:: INSTRUCTIONS FOR THE TASK ::
With the pictures left aside, write out exactly the lines of the listing below from the line with "Марина с портретом бабушки Ольги Хохловой." to the line with "Manni Home - Rooms", both included, and only those.

:: DATA UNDER STUDY ::
Start of Block

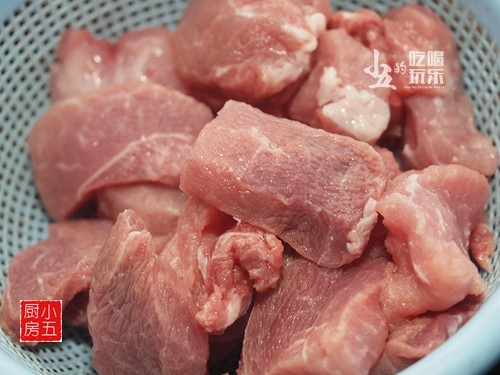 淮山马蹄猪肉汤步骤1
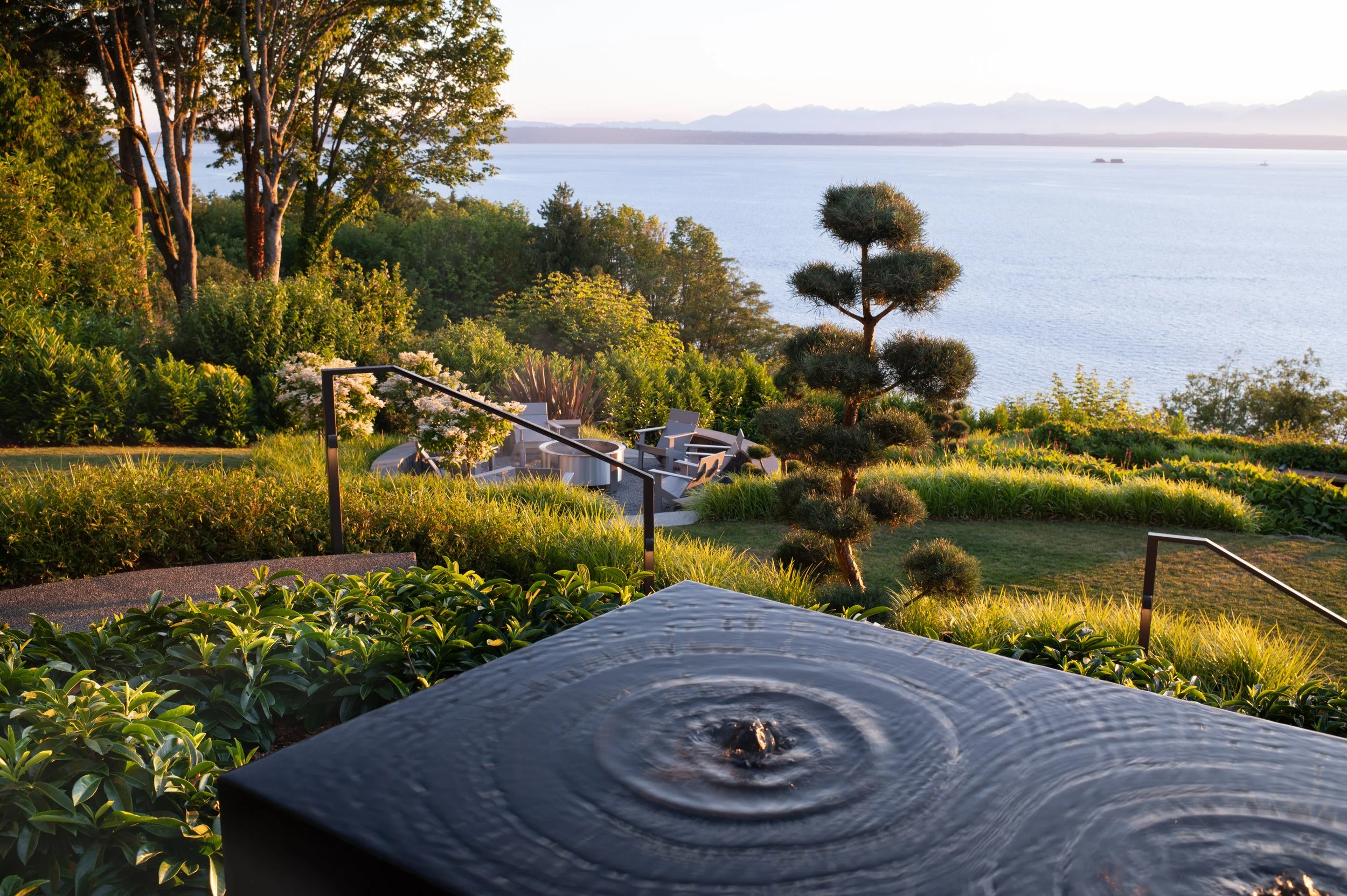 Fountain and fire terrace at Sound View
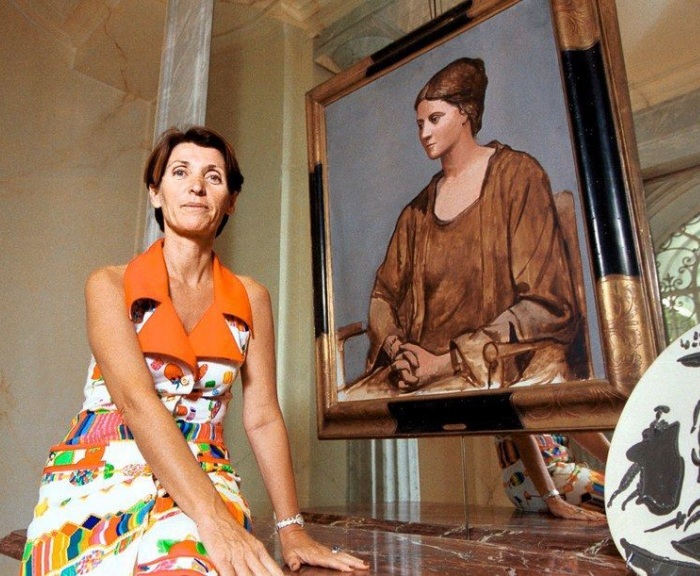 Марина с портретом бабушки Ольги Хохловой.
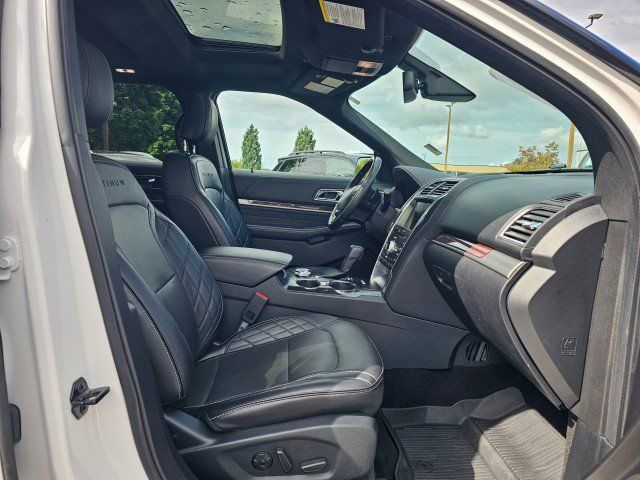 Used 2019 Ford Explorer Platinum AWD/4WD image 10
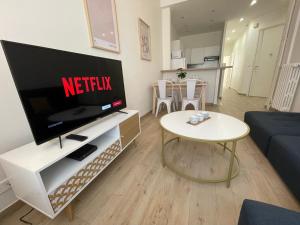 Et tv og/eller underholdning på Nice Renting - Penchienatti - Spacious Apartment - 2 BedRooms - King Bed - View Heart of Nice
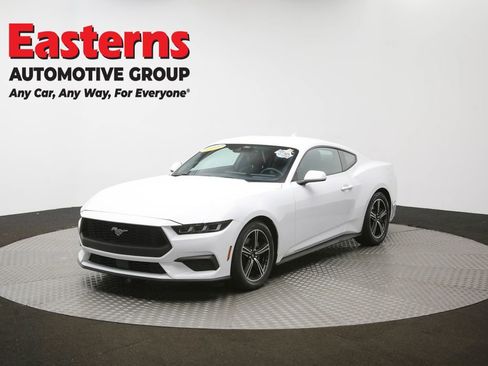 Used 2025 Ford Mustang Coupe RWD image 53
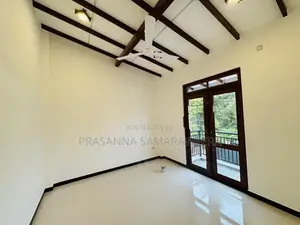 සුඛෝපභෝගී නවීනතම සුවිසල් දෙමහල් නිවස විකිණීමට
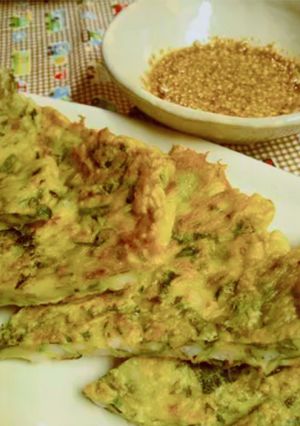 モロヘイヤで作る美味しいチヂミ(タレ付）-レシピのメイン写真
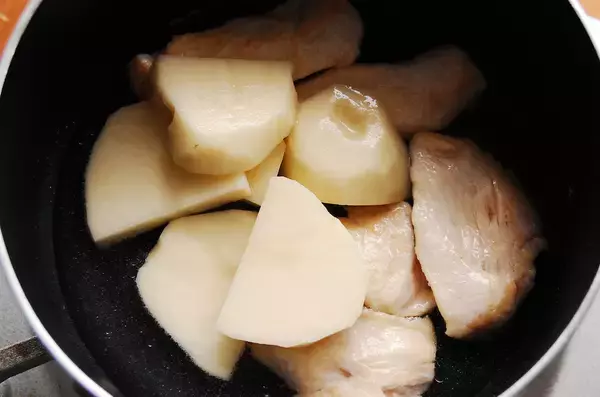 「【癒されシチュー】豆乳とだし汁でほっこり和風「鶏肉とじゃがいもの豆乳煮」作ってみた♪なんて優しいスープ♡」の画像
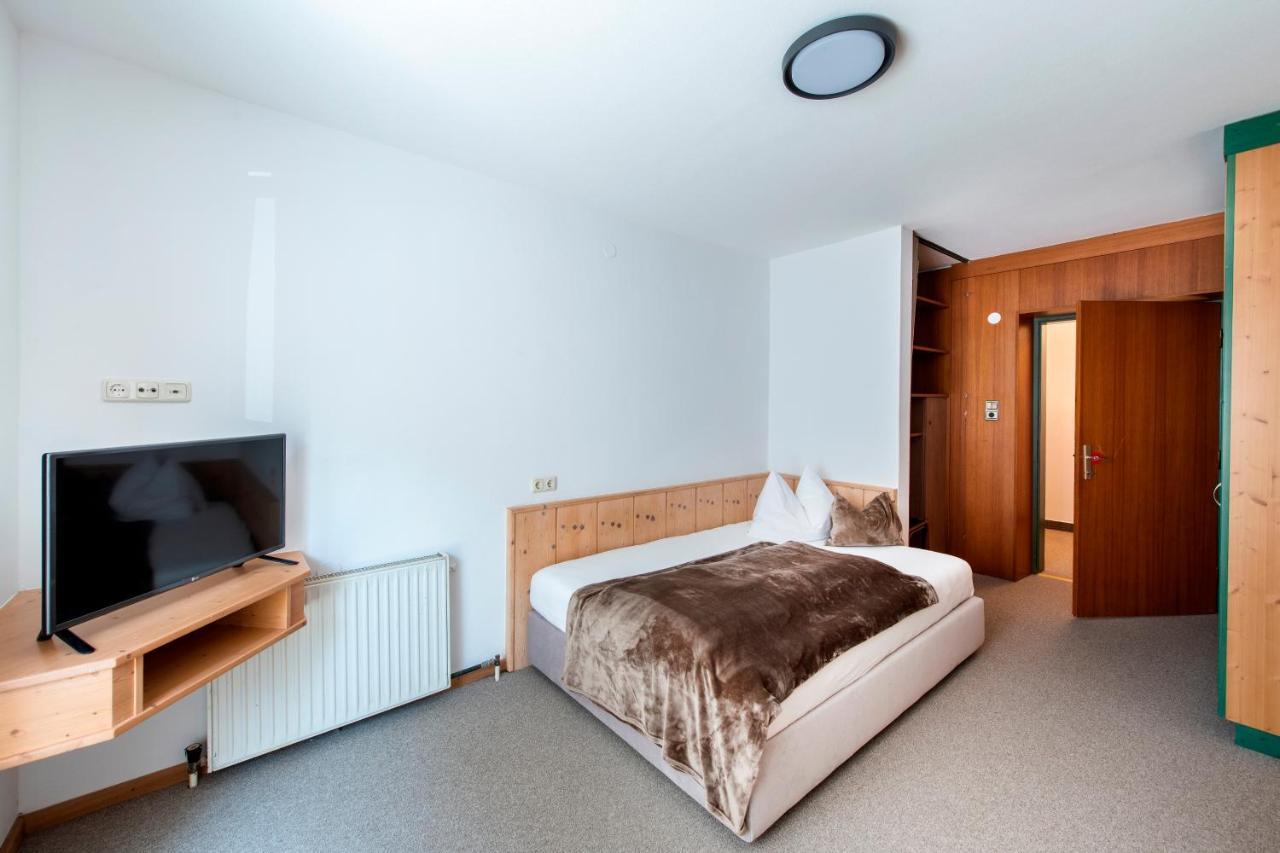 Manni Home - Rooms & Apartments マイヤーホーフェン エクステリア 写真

End of Block
Start of Block

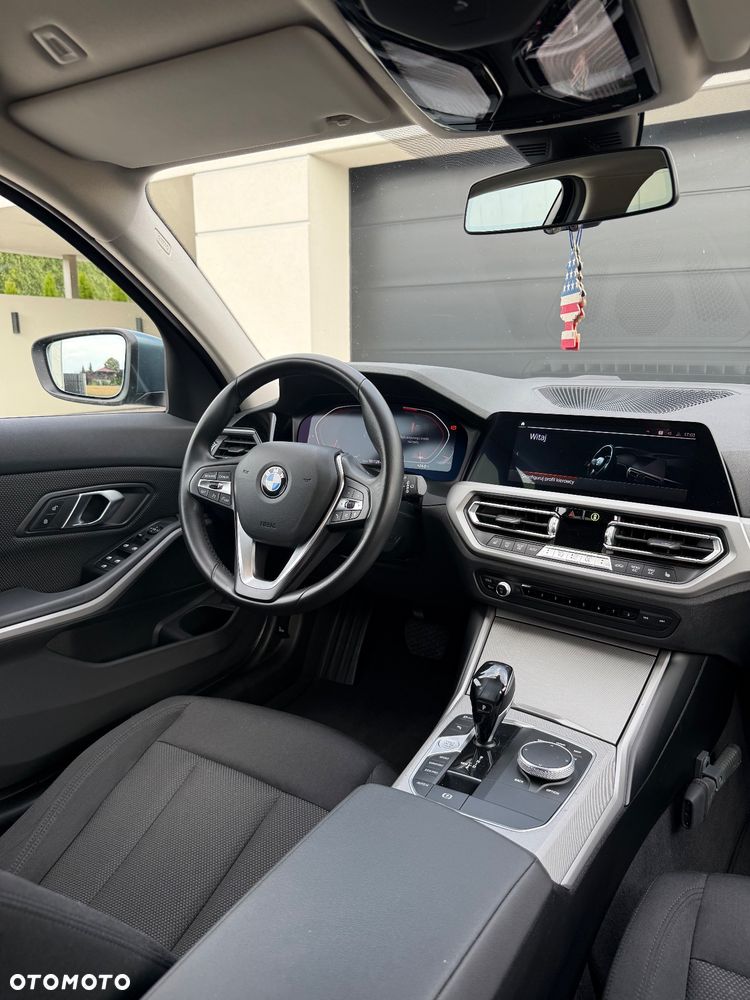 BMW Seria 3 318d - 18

End of Block

:: WORKED SOLUTION ::
 Марина с портретом бабушки Ольги Хохловой.
 Used 2019 Ford Explorer Platinum AWD/4WD image 10
 Et tv og/eller underholdning på Nice Renting - Penchienatti - Spacious Apartment - 2 BedRooms - King Bed - View Heart of Nice
 Used 2025 Ford Mustang Coupe RWD image 53
 සුඛෝපභෝගී නවීනතම සුවිසල් දෙමහල් නිවස විකිණීමට
 モロヘイヤで作る美味しいチヂミ(タレ付）-レシピのメイン写真
 「【癒されシチュー】豆乳とだし汁でほっこり和風「鶏肉とじゃがいもの豆乳煮」作ってみた♪なんて優しいスープ♡」の画像
 Manni Home - Rooms & Apartments マイヤーホーフェン エクステリア 写真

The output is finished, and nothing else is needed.